* _Work to be completed_
Exactly the lines below from the one with "Can a physio" up to and including the one with "Instrumen Ultrasound Medis" make up the answer, with nothing else added.

Short text fragments from websites:
* * *

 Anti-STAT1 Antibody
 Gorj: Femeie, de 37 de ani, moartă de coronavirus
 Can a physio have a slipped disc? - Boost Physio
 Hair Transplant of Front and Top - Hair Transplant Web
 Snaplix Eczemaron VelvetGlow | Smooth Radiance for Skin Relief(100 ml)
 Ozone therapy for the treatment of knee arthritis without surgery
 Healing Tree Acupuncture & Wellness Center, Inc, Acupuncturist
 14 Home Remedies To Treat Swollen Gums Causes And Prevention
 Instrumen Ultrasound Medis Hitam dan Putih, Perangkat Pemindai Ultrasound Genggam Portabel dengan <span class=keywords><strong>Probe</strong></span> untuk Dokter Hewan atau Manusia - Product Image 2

* * *

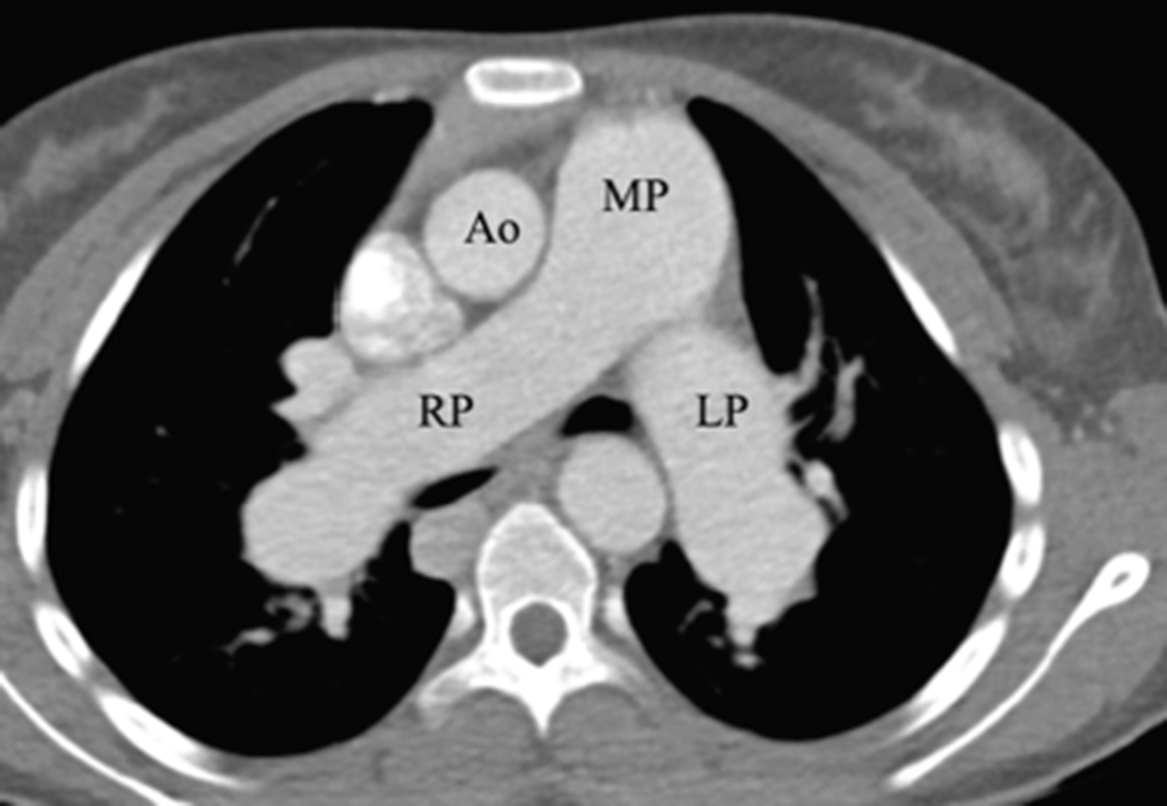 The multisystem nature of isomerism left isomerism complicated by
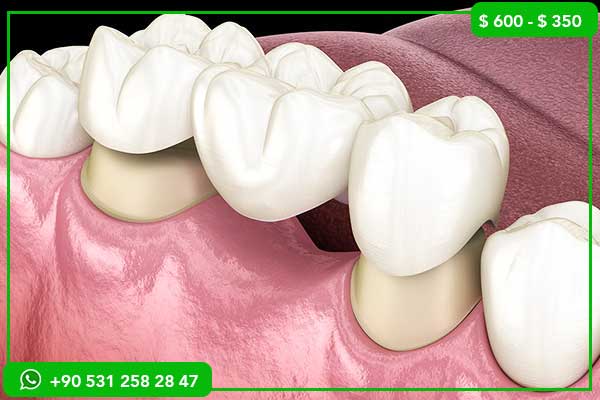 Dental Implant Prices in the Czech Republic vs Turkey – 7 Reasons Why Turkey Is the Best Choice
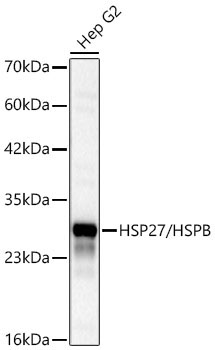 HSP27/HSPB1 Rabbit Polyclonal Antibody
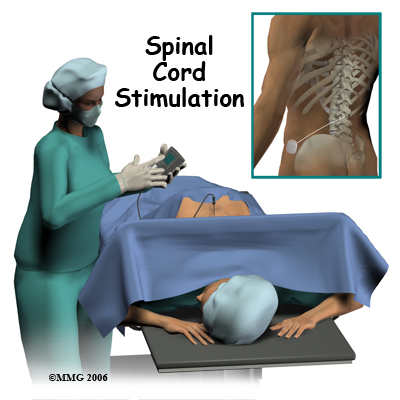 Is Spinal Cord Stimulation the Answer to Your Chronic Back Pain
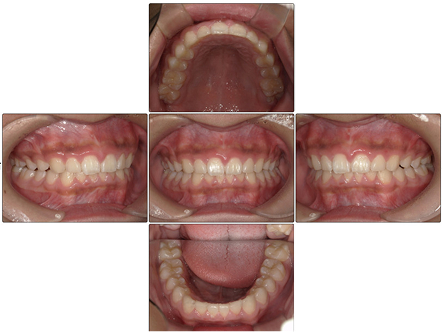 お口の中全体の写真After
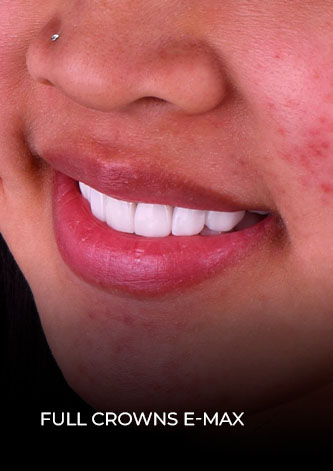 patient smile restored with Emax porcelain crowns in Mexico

* * *

* _Result of this task_
 Can a physio have a slipped disc? - Boost Physio
 Hair Transplant of Front and Top - Hair Transplant Web
 Snaplix Eczemaron VelvetGlow | Smooth Radiance for Skin Relief(100 ml)
 Ozone therapy for the treatment of knee arthritis without surgery
 Healing Tree Acupuncture & Wellness Center, Inc, Acupuncturist
 14 Home Remedies To Treat Swollen Gums Causes And Prevention
 Instrumen Ultrasound Medis Hitam dan Putih, Perangkat Pemindai Ultrasound Genggam Portabel dengan <span class=keywords><strong>Probe</strong></span> untuk Dokter Hewan atau Manusia - Product Image 2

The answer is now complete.